Rus Büyükelçi ve Soçi Kongresi katılımcılarından Aleksandr Aksenenok, Suriye için ‘denetlebilir yerellik’ formülünü önerdi. Yönetimsel ve kültürel otonomi vurgusu yapan Rus diplomata göre Şam yönetiminin 107 sayılı kararnamesi bu değişime olanak sağlayacak.
Rusya Dış İlişkiler Konseyi’ne yazan Aksenenok, Suriye Cumhurbaşkanı Beşar Esad’ın ülkede tam hakimiyet kurmak istediğini ancak bunun gerçekle uyuşmadığını iddia etti. Aksenenok, “Böyle bir yaklaşım Rusya’yı, ABD, İsrail ve muhtemelen Türkiye ile çatışmaya sokar” diye yazdı. “Kazanan her şeyi alır ilkesi gerçekçi gözükmüyor” diyen Aksenenok, ülke için şimdiden yerel yönetim organları oluştuğunu belirterek şu değerlendirmeyi yaptı:
“Yıllarca süren uzun savaştan sonra eski merkezi sisteme dönüş mümkün gözükmüyor. Merkezi olmayan modeller şimdiden oluştu. Eğer anlaşmaya varılırsa muhalafetin kontrolündeki bölgelerde kurulan öz yönetim kurumları ulusal birleşmenin tabanını oluşturabilir.”
Suriye’de tarafların toprak bütünlüğünün korunması konusunda uzlaştıklarını belirten Rus Büyükelçi, federasyon taleplerinin uygulanabilir olmadığını da vurguladı. Irak ve Yemen’deki federal yapıya atıf yapan Aksenenok “Suriye için en iyi seçim etnik azınlıkların taleplerini karşılırken aynı zamanda bölünmesini engelleyecek önlemleri garanti eden yönetimsel ve kültürel otonomidir” ifadelerini kullandı.
Rusya’nın Ortadoğu ve Afrika’daki elçiliklerinde uzun yıllar görev yapmış Aleksandr Aksenenok, 107 sayılı Suriye Başkanlık Kararnamesi’nin ülkedeki değişime olanak sağlayacağını ileri sürdü.

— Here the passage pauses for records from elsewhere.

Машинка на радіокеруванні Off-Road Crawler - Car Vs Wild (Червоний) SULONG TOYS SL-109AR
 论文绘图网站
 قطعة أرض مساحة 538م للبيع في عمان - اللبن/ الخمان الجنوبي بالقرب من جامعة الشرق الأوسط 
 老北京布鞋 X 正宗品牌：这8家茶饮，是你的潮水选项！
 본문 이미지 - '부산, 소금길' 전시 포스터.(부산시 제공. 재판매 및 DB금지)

Aksenenok, bu kapsamda şunları kaydetti:
“Suriye muhalefetinin Rus yetkililerle resmi olmayan tartışmalarda işaret ettiği gibi ‘üniter desantralize’ sistem noktasında taraflar anlaşmaya varabilir. Muhalefet, müzakerelere 23 Ağustos 2011 yılında devreye sokulan 107 sayılı Başkanlık Kararnamesi’nin temel olabileceğini söylüyor. Bu kararname ile yerel otoritelere çeşitli seviyelerde yetki veriyor ki bu otoriteler, seçilmişler ve kısmen tayin edilmişlerden oluşur. Bununla birlikte, yerel otoriteler başkanlık tarafından atanan valilerin ve aynı zamanda başbakanın başkanlığındaki Yerel Yönetim Yüksek Kurulu’nun denetimine tabi oluyor. Bu hükümet sisteminde tavizler elbette muhtemeldir. Bu tüm Suriye tarihinin parlamenter sistemindeki tüm iniş ve çıkışları da dahil olmak üzere anayasal gelişimini analiz etmeyi gerekli kılar.”
Rusya’nın çözüm olarak düşündüğü plan
Rusya’nın deneyimli diplomatı Aleksandr Aksenenok’tan daha önce de Moskova ‘yönetimsel ve kültürel otonomi’ teklifini tartışmaya açmıştı. Astana görüşmelerinde Rus heyetin anayasa taslağı dağıtması üzerine muhalefet toplantıyı yarıda kesmiş, teklif Suriye tarafınca da eleştirilmişti. Rus yetkililer yaptığı açıklamalarda taslağın ‘tavsiye’ niteleği taşıdığını açıklamışlardı.
Öte yandan Suriye hükümeti ile Kuzey Suriye Konseyi arasındaki temaslarda anayasadaki yerel yönetimleri kapsayan 130. ve 131. maddenin gündeme geldiği öğrenilmişti.